-- Source material follows --
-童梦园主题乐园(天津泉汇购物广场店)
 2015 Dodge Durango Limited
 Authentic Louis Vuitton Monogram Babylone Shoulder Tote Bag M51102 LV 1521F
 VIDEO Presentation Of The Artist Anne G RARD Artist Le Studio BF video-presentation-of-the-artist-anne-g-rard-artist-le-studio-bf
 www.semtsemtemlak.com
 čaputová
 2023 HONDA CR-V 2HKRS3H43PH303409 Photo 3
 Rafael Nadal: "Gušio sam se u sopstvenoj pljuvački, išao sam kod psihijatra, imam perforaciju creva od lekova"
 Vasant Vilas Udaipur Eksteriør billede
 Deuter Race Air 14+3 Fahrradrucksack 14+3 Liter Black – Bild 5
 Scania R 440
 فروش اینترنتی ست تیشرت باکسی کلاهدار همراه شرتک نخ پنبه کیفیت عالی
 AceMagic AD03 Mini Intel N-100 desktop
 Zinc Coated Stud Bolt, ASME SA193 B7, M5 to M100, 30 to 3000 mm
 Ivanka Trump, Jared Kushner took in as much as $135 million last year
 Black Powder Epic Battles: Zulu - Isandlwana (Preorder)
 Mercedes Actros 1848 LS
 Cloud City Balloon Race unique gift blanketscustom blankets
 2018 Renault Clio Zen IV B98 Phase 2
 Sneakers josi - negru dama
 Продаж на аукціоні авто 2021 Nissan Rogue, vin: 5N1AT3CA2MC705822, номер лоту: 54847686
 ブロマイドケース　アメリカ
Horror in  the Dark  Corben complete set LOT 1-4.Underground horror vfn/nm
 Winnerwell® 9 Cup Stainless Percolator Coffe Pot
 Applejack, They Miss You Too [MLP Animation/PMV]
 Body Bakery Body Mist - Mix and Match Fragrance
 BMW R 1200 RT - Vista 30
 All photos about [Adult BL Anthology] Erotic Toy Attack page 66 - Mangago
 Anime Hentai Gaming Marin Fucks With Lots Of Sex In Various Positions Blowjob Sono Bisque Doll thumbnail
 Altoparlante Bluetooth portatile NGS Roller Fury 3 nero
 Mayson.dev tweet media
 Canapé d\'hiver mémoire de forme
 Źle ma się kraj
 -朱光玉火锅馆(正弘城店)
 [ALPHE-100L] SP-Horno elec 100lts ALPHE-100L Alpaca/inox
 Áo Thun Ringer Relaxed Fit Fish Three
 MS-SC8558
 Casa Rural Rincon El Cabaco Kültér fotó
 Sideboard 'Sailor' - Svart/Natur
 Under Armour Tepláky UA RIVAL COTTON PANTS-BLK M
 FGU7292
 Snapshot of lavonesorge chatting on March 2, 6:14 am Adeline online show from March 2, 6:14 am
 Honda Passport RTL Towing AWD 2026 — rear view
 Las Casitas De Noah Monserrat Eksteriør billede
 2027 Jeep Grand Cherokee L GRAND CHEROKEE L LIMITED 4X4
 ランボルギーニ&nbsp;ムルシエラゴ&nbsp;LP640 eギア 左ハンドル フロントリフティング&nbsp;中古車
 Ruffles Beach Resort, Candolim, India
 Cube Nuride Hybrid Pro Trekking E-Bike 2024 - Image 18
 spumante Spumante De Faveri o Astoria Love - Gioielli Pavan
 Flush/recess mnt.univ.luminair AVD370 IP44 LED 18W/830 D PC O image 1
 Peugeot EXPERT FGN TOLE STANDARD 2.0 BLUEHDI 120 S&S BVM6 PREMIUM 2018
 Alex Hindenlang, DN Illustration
-- Source material concluded --
Work item -
In the records above, find the line with "Cloud City Balloon"; write out exactly that line and each one after it, stopping after the line with "Honda Passport RTL".

Answer section -
 Cloud City Balloon Race unique gift blanketscustom blankets
 2018 Renault Clio Zen IV B98 Phase 2
 Sneakers josi - negru dama
 Продаж на аукціоні авто 2021 Nissan Rogue, vin: 5N1AT3CA2MC705822, номер лоту: 54847686
 ブロマイドケース　アメリカ
Horror in  the Dark  Corben complete set LOT 1-4.Underground horror vfn/nm
 Winnerwell® 9 Cup Stainless Percolator Coffe Pot
 Applejack, They Miss You Too [MLP Animation/PMV]
 Body Bakery Body Mist - Mix and Match Fragrance
 BMW R 1200 RT - Vista 30
 All photos about [Adult BL Anthology] Erotic Toy Attack page 66 - Mangago
 Anime Hentai Gaming Marin Fucks With Lots Of Sex In Various Positions Blowjob Sono Bisque Doll thumbnail
 Altoparlante Bluetooth portatile NGS Roller Fury 3 nero
 Mayson.dev tweet media
 Canapé d\'hiver mémoire de forme
 Źle ma się kraj
 -朱光玉火锅馆(正弘城店)
 [ALPHE-100L] SP-Horno elec 100lts ALPHE-100L Alpaca/inox
 Áo Thun Ringer Relaxed Fit Fish Three
 MS-SC8558
 Casa Rural Rincon El Cabaco Kültér fotó
 Sideboard 'Sailor' - Svart/Natur
 Under Armour Tepláky UA RIVAL COTTON PANTS-BLK M
 FGU7292
 Snapshot of lavonesorge chatting on March 2, 6:14 am Adeline online show from March 2, 6:14 am
 Honda Passport RTL Towing AWD 2026 — rear view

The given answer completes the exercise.